Question

If the sides of a triangle are in A.P. and if its greatest angle exceeds the least angle by $\alpha$, show that the sides are in the ratio $1-x:1:1+x$ where $x=\sqrt{(\frac{1-\cos \alpha }{7-\cos \alpha })}$.

Answer 1

We are given that A- C =$\alpha$ and $2b=a+c$

$\therefore 2sinB=sinA+sinC$ ....(1)

$=2sin\frac{A+C}{2}cos\frac{A-C}{2}$

or $4sin\frac{B}{2}cos\frac{B}{2}=2cos\frac{B}{2}cos\frac{\alpha }{2}$

$\therefore co{s}^2\frac{B}{2}=1-si{n}^2\frac{B}{2}=1-\frac{1}{4}co{s}^2\frac{\alpha }{2}=1-\frac{1+cos\alpha }{8}$

or $cos\frac{B}{2}=\frac{\sqrt{7-cos\alpha }}{2\sqrt{2}}$ ............(2)

Again $\frac{a}{c}=\frac{sinA}{sinC}$. Apply Compo. & divi.

$\frac{a+c}{a-c}=\frac{sinA+sinC}{sinA-sinC}=\frac{2sinB}{2sin\frac{A-C}{2}cos\frac{A+C}{2}}$ by (1)

$=\frac{4sin\left(B/2\right)cos\left(B/2\right)}{2sin\left(B/2\right)sin\left(\alpha /2\right)}$, by given relation

$=\frac{2\sqrt{2}cos\left(B/2\right)}{\sqrt{(1-cos\alpha )}}=\sqrt{\frac{7-cos\alpha }{1-cos\alpha }}$ by (2)

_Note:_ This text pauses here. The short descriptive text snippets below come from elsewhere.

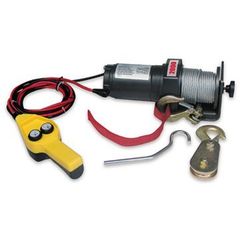 Atv Winch 2000lbs 12v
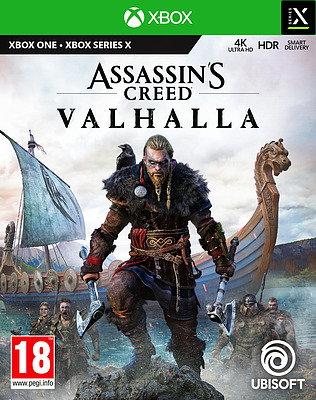 Einfach und sicher online bestellen: Assassins Creed Valhalla (AT-PEGI) in Österreich kaufen.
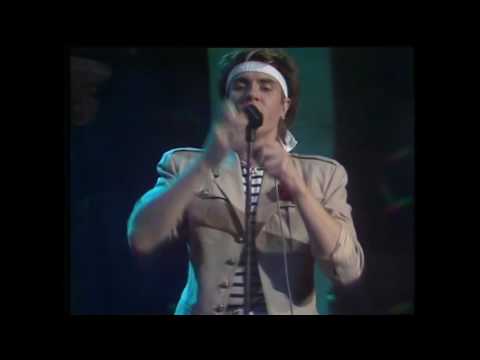 Duran Duran - Planet Earth (Live @ Måndagsbörsen '81)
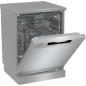 Hisense HS643C90X lavastoviglie Libera installazione 16 coperti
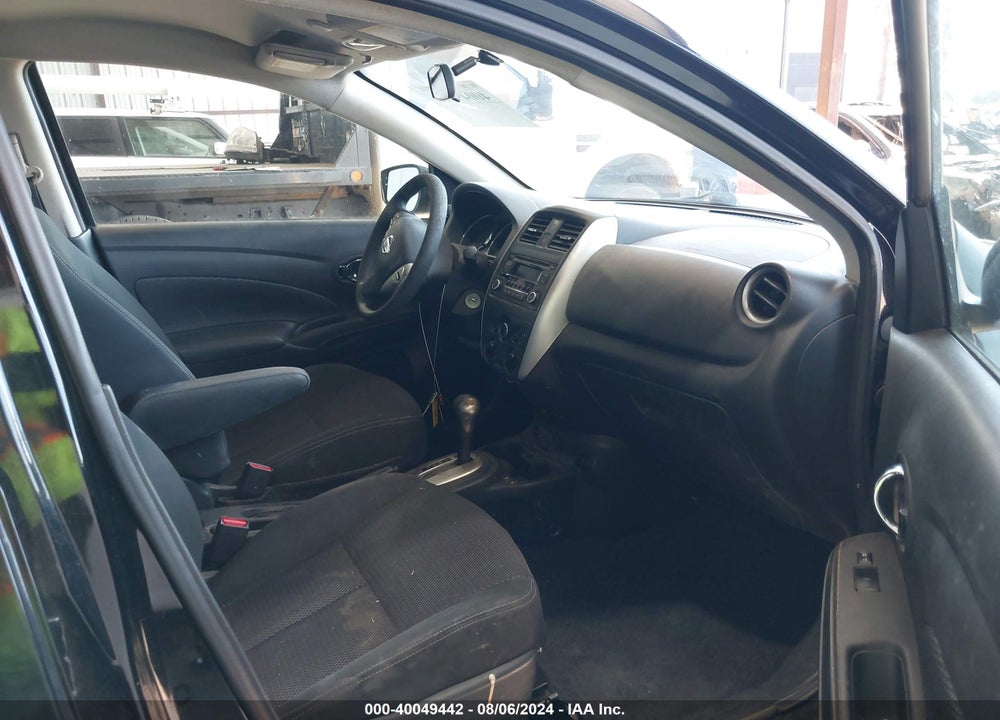 2018 NISSAN VERSA 1.6 SV VIN: 3N1CN7AP1JL858801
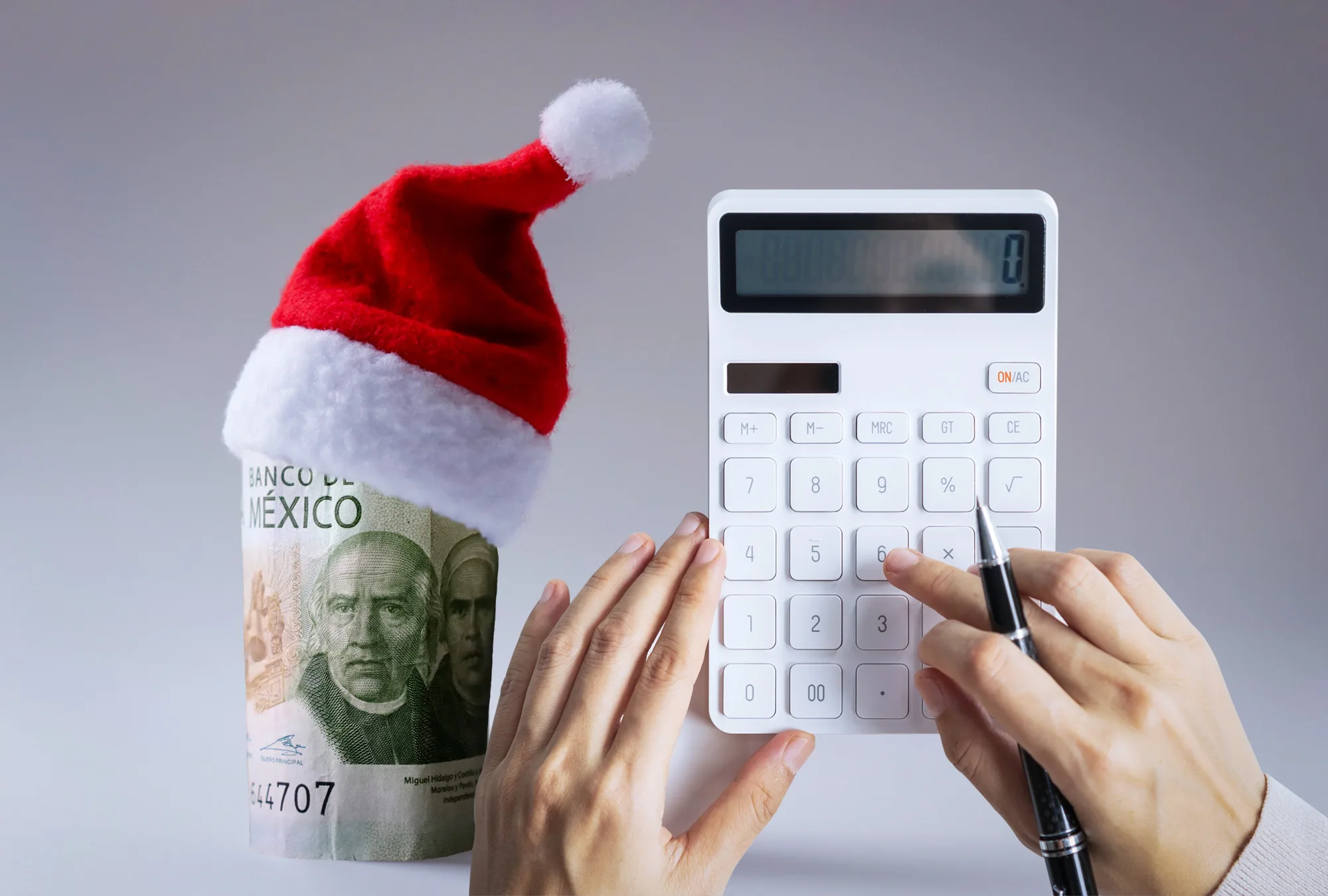 Cuánto me toca de aguinaldo y cómo se calcula en México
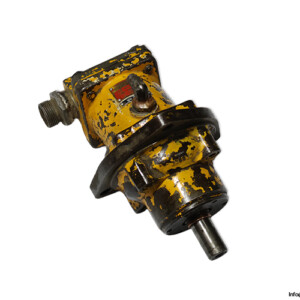 SKL FV 531 001 Radial Piston Pump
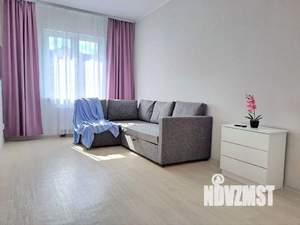 2-к квартира, посуточно, 51м2, 1/1 этаж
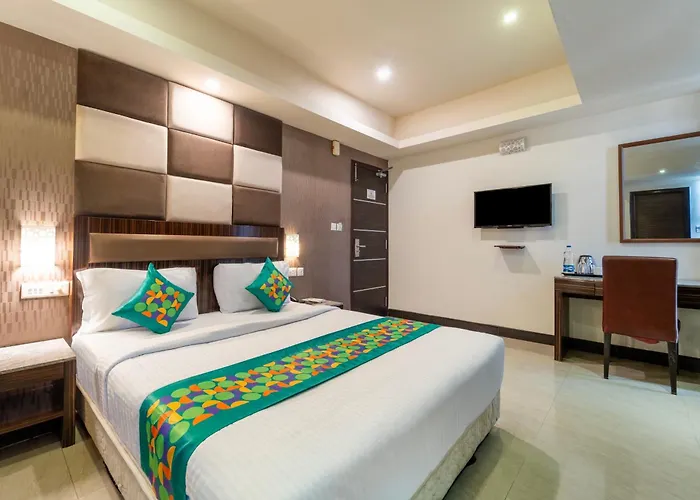 Treebo Venition Inn Coimbatore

$\therefore \frac{a-c}{a+c}=\frac{x}{1}$, by given relation

Again apply Compo. & Divi.

$\frac{2a}{2c}=\frac{1+x}{1-x}$

or $\frac{a}{1+x}=\frac{c}{1-x}=\frac{a+c}{2}$ or $\frac{2b}{2}=\frac{b}{1}$

or $\frac{a}{1+x}=\frac{b}{1}=\frac{c}{1-x}$

Hence the sides are in the ratio 1+x: x: 1-x.